Canal Vacations Across the Country
Canal vacations can be spent on the water or on the land, with the canals as your destination, look to the surrounding areas and communities that have established themselves along these once thriving routes.
ERIE CANALS THROUGH NEW YORK
The Erie Canal of New York ran from Albany to Buffalo, where it reached Lake Erie. This waterway has been designated as a National Heritage Site, affording it extra attention and funds that are invested in its upkeep and development. Because of that, the parts of the canal that are still in operation are lined with thriving communities and businesses that cater to the visitors that pass through. Smaller boat trips can be arranged for the day or even overnight trips, and there is always the possibility to rent small recreational watercraft so that you can paddle your way along the canal. If being out on the water is not your first option, the entire corridor is lined with easy to navigate bike paths that range from easy to difficult terrain.

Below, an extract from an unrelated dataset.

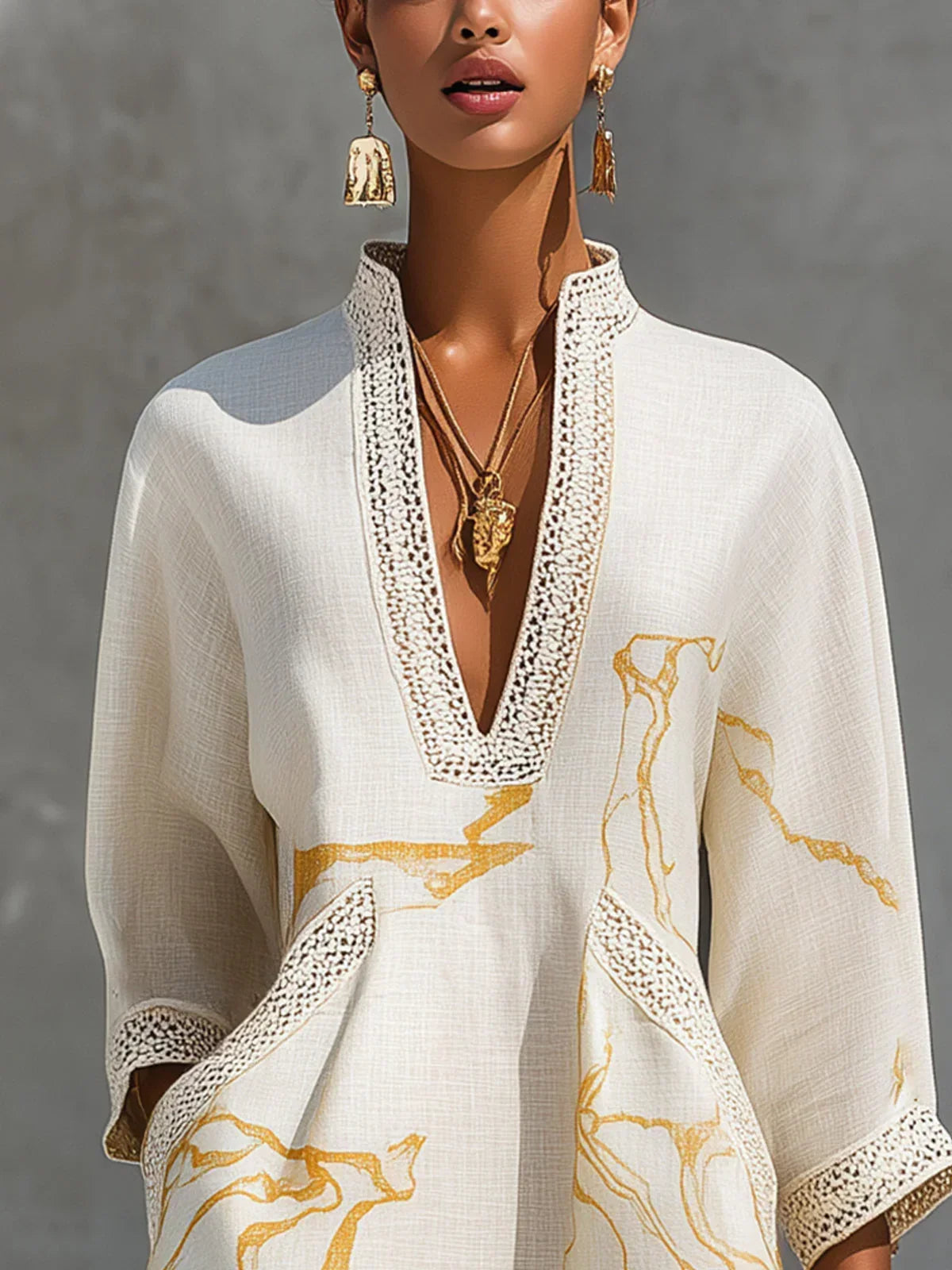 Renata - Short lace dress with golden print and deep V-neck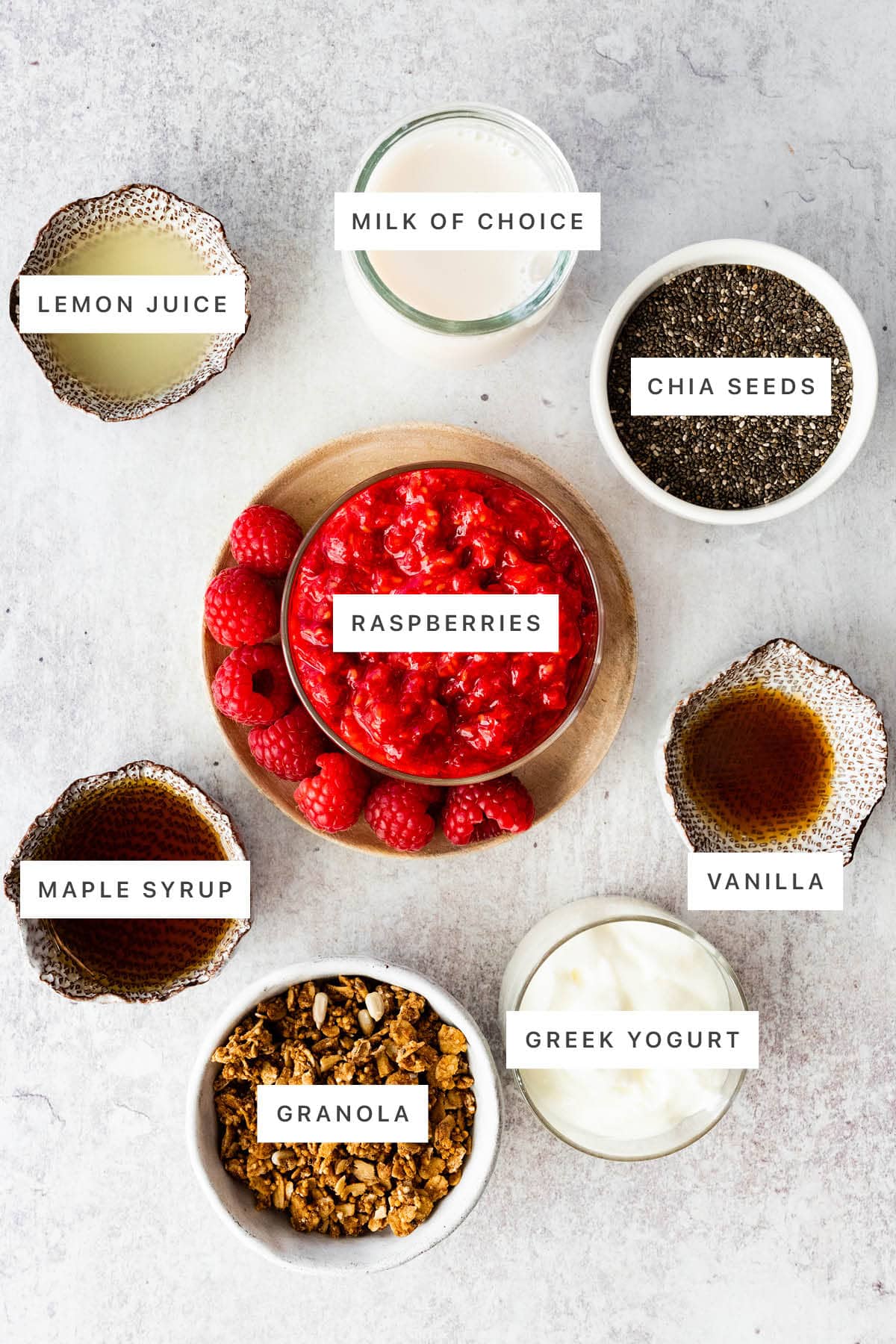Ingredients measured out to make Raspberry Chia Pudding: lemon juice, milk, chia seeds, raspberries, vanilla, maple syrup, granola and Greek yogurt.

The almost 100 miles of canals that make up the Illinois and Michigan (I&M) Canal is open to visitors to explore, follow and study, though the best views and portions of the I & M run from Rockdale to LaSalle. Four different state parks are situated along the length of the canal, where each features a different type of natural setting or wildlife haven. The original towpath was repaved, making it easier for hikers and bikers to travel, and families can often be seen paddling along the gentle and slow-moving water of the canal in canoes and kayaks.
DELAWARE CANAL STATE PARK
The historic Delaware Canal is now a protected area with a large forested area encompassing it. The canal and towpath provide several chances for recreation, from boating to biking. In the park alone there are additional lakes, wooded islands and private beaches that dot the entire shoreline. As a destination, you will be on a trail of discovery as you hop from small town to country markets and can visit pick your own farms or arrange for trail rides with local horse farms.